→ WHAT YOU SHOULD DO: Among the entries below, extract exactly the lines that run from the one with "Floral Human Heart" through the one with "View of the", both ends included.

· · · · ·

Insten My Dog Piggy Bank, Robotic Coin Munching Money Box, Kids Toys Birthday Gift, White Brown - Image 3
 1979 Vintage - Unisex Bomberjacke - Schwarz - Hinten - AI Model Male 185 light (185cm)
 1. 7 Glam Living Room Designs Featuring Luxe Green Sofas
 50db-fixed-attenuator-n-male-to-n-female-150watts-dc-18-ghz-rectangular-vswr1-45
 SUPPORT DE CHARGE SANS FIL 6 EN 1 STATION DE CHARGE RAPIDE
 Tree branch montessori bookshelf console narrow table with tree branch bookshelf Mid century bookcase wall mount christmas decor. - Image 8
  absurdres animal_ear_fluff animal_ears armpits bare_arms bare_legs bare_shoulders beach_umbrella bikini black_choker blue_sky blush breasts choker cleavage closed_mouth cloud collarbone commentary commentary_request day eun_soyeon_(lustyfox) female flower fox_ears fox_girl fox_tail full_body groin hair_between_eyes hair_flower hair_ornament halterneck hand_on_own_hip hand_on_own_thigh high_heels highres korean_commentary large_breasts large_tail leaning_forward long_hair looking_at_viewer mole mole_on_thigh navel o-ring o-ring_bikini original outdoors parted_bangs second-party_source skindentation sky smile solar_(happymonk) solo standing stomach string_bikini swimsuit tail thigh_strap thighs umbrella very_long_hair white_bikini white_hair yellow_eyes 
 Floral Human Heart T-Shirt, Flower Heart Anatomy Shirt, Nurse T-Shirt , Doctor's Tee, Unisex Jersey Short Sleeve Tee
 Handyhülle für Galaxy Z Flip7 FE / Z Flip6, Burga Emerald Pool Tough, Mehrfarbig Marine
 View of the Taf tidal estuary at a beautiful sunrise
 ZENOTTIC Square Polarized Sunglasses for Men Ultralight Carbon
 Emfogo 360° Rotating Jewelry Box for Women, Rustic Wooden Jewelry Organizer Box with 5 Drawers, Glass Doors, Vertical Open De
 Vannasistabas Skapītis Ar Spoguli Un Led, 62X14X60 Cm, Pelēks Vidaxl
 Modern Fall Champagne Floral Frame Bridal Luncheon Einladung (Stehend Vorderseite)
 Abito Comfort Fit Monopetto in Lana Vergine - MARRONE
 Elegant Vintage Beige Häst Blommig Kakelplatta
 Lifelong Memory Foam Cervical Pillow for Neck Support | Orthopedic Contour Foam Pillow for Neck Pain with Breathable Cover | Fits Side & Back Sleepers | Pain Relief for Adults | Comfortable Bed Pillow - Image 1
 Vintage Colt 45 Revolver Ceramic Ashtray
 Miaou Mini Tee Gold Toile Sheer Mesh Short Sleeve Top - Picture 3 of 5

· · · · ·

→ RESPONSE:
 Floral Human Heart T-Shirt, Flower Heart Anatomy Shirt, Nurse T-Shirt , Doctor's Tee, Unisex Jersey Short Sleeve Tee
 Handyhülle für Galaxy Z Flip7 FE / Z Flip6, Burga Emerald Pool Tough, Mehrfarbig Marine
 View of the Taf tidal estuary at a beautiful sunrise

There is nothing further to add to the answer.